私は、2001年に山形のアジア千波万波に出展された「この冬」の監督、仲華と同じ資質を佐藤零郎監督に感じる。



つづいて、OONO YUUKIさんの音楽。インストで始まり、徐々に「唄」へと、ことばへと移って行く。
会場にはいまだ、「長居青春酔夢歌」の余韻があって、というか、この日1日の趨勢は、やはり零郎さんの映画の上映から始まったことによって
ある程度方向づけられていったのだと思っている。



以後、8ミリ映写機を使ったフィルム上映!へと続き、石田尚志さんのライブペインティング+松井茂の朗読(というか朗読されたテクストが途中まで、吉増剛造の「古代天文台」だったというのはどうかと思うが、でも松井さんはノートに多分書き写していて、わたしも筆写はよくやるのでそれはいいなあと思った)における、
大木裕之の、ペンキで引いた一本の白い線という、アクション/リアクションは、本日のパフォーマンスでのひとつの頂点であったと思う。



そのことについては、いつかきっちりと書きたいが、
あの会場において、誰しもが、「参画者」ではないということはあり得なかった。
「観客」として、存在することはもはや誰にもできなかった。




そのような空間があの日、武蔵小金井に現出したことをわたしは、一生忘れないし、
同時に、それでも半分以上「観察者」でいたいと最後まで思うわたし自身の問題も明確に浮かびあがった。
ラスト、終電を間近にひかえ、HIPHOPと銘打って始められた、若者たちのパフォーマンスに、灰皿や椅子やティッシュや、あげく展示されていた作品たちが
投げつけられて行くさまを観ながら、わたしは、自分の詩のプリントされたA4用紙が頭のうえに降ってきたとき
ようやく我に返り、これは、一体どういうことが起こっているのか瞬時に了解できた気がした。

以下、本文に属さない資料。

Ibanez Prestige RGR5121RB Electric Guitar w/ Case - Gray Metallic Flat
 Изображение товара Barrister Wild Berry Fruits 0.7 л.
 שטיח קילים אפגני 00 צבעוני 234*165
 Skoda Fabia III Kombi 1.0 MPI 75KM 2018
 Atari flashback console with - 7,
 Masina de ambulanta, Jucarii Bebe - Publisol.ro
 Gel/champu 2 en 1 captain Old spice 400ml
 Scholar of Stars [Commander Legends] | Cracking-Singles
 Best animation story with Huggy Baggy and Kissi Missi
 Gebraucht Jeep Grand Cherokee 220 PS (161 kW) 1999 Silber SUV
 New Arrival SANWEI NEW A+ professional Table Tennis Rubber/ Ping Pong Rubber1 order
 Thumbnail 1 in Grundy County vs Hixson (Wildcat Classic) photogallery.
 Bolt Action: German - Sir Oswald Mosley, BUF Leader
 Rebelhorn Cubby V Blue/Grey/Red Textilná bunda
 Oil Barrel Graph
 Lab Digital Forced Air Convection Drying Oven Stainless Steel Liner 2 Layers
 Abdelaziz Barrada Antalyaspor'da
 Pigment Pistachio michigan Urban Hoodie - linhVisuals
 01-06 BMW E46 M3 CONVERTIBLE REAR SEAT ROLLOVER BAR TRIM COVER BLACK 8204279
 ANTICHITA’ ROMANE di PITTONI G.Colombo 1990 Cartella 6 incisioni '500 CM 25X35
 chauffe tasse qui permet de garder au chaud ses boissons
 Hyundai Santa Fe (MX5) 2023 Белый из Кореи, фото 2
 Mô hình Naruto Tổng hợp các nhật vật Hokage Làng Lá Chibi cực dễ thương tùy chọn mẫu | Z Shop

今回、大木さんとSPIさんに誘って頂き、昨年11月に亡くなった親友のために書いた詩を、展示していたのだが、
亡くなった彼こそが、このような空間を最も愛しているようなひとであったので、
わたしは、お空の上から、おそらく、彼が大爆笑しているさまが、明確にみえて、
その晩の「祝祭」が人一倍、嬉しかった。